Sebaliknya, jika pihak yang mengajukan keberatan dan/atau perlawanan dapat membuktikan bahwa aset yang diblokir, disita, dan/atau aset yang dimintakan untuk dirampas merupakan miliknya yang sah dan/atau bukan merupakan aset tindak pidana, maka putusan majelis hakim menyatakan bahwa permohonan perampasan aset yang diajukan jaksa pengacara negara ditolak.
Mencermati RUU Perampasan Aset yang dirancang ibarat sapu jagat, maka harapannya Pemerintah dan DPR bukan hanya fokus pada pengesahan kilat dari RUU Perampasan Aset sebagai suatu substansi hukum (legal substance).
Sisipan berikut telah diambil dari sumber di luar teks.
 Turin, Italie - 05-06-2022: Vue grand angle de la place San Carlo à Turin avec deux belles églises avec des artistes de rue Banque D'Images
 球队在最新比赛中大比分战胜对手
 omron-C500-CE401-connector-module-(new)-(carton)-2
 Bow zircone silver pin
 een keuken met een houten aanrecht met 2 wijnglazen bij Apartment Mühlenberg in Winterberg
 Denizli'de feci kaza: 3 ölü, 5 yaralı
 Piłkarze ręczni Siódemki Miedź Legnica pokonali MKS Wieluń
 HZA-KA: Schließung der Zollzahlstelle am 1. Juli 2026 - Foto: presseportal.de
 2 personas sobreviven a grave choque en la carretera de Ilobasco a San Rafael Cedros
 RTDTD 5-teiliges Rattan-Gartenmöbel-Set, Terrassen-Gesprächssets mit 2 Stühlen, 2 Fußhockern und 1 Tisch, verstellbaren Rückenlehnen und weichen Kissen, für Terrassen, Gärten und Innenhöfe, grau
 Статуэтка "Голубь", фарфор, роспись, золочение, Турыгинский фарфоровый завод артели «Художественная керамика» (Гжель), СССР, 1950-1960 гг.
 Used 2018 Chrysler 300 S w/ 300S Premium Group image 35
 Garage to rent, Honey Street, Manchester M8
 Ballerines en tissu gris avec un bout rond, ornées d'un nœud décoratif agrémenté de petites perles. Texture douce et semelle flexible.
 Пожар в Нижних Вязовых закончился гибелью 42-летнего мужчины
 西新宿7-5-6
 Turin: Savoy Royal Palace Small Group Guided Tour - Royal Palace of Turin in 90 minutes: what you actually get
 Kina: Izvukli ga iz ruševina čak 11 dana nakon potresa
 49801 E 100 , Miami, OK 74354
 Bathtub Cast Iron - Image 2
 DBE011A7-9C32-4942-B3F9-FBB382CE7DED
DPR dan pemerintah perlu mendorong perbaikan dari sisi profesionalisme dan integritas dari aparat penegak hukum (legal structure).
Selain partisipasi yang bermakna (meaningful participation), harus dipastikan bahwa RUU Perampasan Aset ini tidak jadi bumerang, dijadikan instrumen political engineering yang hanya melayani kepentingan kekuasaan.
Pengesahan RUU tersebut harus berfungsi sebagai rekayasa keadilan sosial (social justice engineering), yakni memulihkan kembali aset hasil tindak pidana sesuai prinsip-prinsip kepastian hukum, kemanfaatan dan keadilan.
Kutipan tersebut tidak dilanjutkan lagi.